Vincent Kompany will not blame the failure to sign Robin Van Persie if Manchester City fail to retain their Premier League title.
The City captain admits that United "hit the jackpot" by signing Van Persie from Arsenal last summer, and the Dutch striker's 22 goals have helped his side into a nine-point lead with just 13 games left.
But Kompany is not giving up the title without a fight as his side bid to pile the pressure on their city rivals over the run-in.
"Nothing matters apart from being first," Kompany said. "Anything below that then you are just another top team that's failed.
"We are not about to give up but the reality is that we are up against a very good United team.
"United hit the jackpot with Van Persie. But you can't think "What if" about Van Persie. I am not sitting here thinking, "What if we had signed Lionel Messi" either.

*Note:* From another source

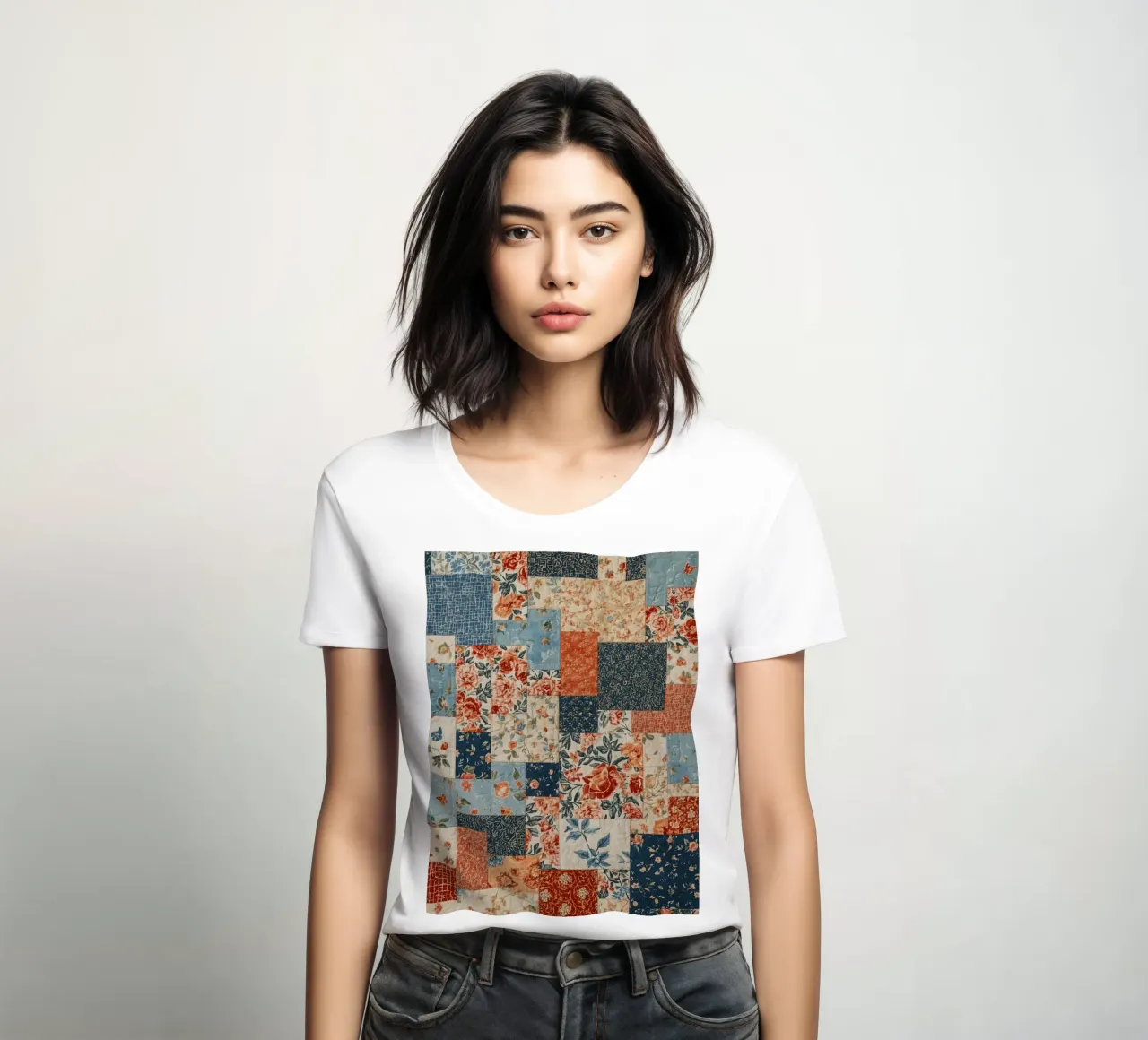 Patchwork Quilt with Floral and Geometric Patterns women's fitted t-shirt by DesignDoodle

"His transfer has made a direct impact but to say he's the reason we can't make it - if it turns out that way - is not correct. I still believe we can do this but if we don't, there will be plenty more reasons than the fact we didn't sign one player and another club did."

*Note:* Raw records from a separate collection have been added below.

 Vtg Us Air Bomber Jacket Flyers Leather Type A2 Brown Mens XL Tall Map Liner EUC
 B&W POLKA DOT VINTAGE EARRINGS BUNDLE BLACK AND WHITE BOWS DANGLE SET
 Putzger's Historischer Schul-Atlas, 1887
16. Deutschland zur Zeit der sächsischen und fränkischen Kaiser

Kompany avoided a three-match suspension when his red card for a tackle on Arsenal's Jack Wilshere was overturned, and the Belgian believes it it vital for English football that tackling is protected.
"It's a tricky subject," Kompany said.
"Safety of players is paramount but there is something competitive and physical about the English game that makes people want to watch it. We should not lose that.
"Let's ask people round the world why they watch English football and then let's think about where we want to draw the line when it comes to physicality in the game.
"It's the way the game is played here that makes it possible for fans from all around the world to watch it on TV. The intention of what you do - if it's wrong - should be punished severely. I'm clear on that. But let's not ruin the game."
Kompany insists that he thinks diving is a worse aspect of the game than bad tackling.
"What annoys me most is diving and cheating," he said.
"There is nobody cheating when they tackle hard but fairly for the ball.
"Diving is the bigger crime. You see some competitions abroad when people are ruining games by asking for yellow cards, rolling around, giving their opinion to the referee.
"England is still - on the whole - an example to the rest about how a game should be played. If a decision needs to be made about how English football should evolve, the last thing they should do is try to mirror what happens in other leagues."
Mario Balotelli left City and joined AC Milan in January and he admits he will miss the Italian.
"I will miss him, as a person and a player," he said.
"He was liked here. We have a very competitive squad and it's no shame if you don't make it in the starting XI all the time.
"I am glad of the contributions he made at important moments. Don't forget the pass he made to (Sergio) Aguero on the final day last season.
"In the big moments, he was there for us. That, for me, is enough. He played his part."